Nextpoint EDA – Uploading and Importing Data

Follow

The first step in mining your data is to upload and import it into the Nextpoint EDA tool. 

Step 1: Getting Started with Imports

  • First Time User without imported data: As a first time user, you will be immediately prompted to import your data from the Dashboard.
  • Returning User with existing data: To import new data, simply navigate to the import tab and select “New Import”.

Step 2: Naming your Import and Selecting Your Source for Nextpoint EDA

In order to import your files directly into the Nextpoint EDA project, users have the ability to add any outside S3 sources, including their Nextpoint database(s). Once a location has been added and successfully verified, the source is saved and the user will be able to access that for all future imports. Additionally, each Nextpoint EDA project comes with a Nextpoint EDA Repository pre-created for that project which can be used directly to house source data.
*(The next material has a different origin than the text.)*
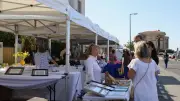 80 artistes investissent le quai de la Daurade à Sète pour une exposition à ciel ouvert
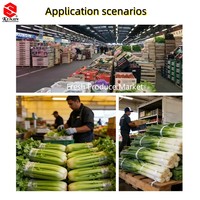 KUNJIN Volledig Automatische Verpakkingsmachine en Bandmachine voor Supermarkten met Peterselie Koriander Dille Broccoli OPP Desktop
Name the Import and Selecting an Existing Source

Import_P1.png

    1. Name your import. This name will appear later on your import batch list, so make the name clear and unique to this import data set.
    2. Select the source of the data (your Nextpoint EDA s3 repository, a Nextpoint File Room, or an external s3 Repository). If you need to add a new source location, check out the next section "Adding a New Source Location". 
    3. Click the "Next" button.

Adding a New Source Location

Add_s3_locationFilledNEW.png

Amazon s3 sources are virtual data storage locations used for housing large data sets. Your Discovery or Litigation Nextpoint File Room is an example of an s3 location. To add a non-Nextpoint EDA s3 location (like a Nextpoint File Room) to your Nextpoint EDA project: 

  1. Click on “Add New” at the bottom of a new import window. 
  2. Name your new s3 location (e.g. "Hoven v. Enron Discovery Database").
  3. Copy and Paste your AWS Access Key ID into the textbox below that option. In a Nextpoint database, all of these can be found in the “Settings” tab under “Import” in the "File Room" section. For more information about accessing your AWS keys and File Room Path, visit this support article.
  4. Copy and Paste your Secret Access Key into the text box below that option.
  5. Copy and Paste your File Room Path into the textbox below that option. 
  6. Click “Add” and confirm that the system was able to verify your credentials. You should see the word "Success" in green with a checkmark next to it by the new source you added. 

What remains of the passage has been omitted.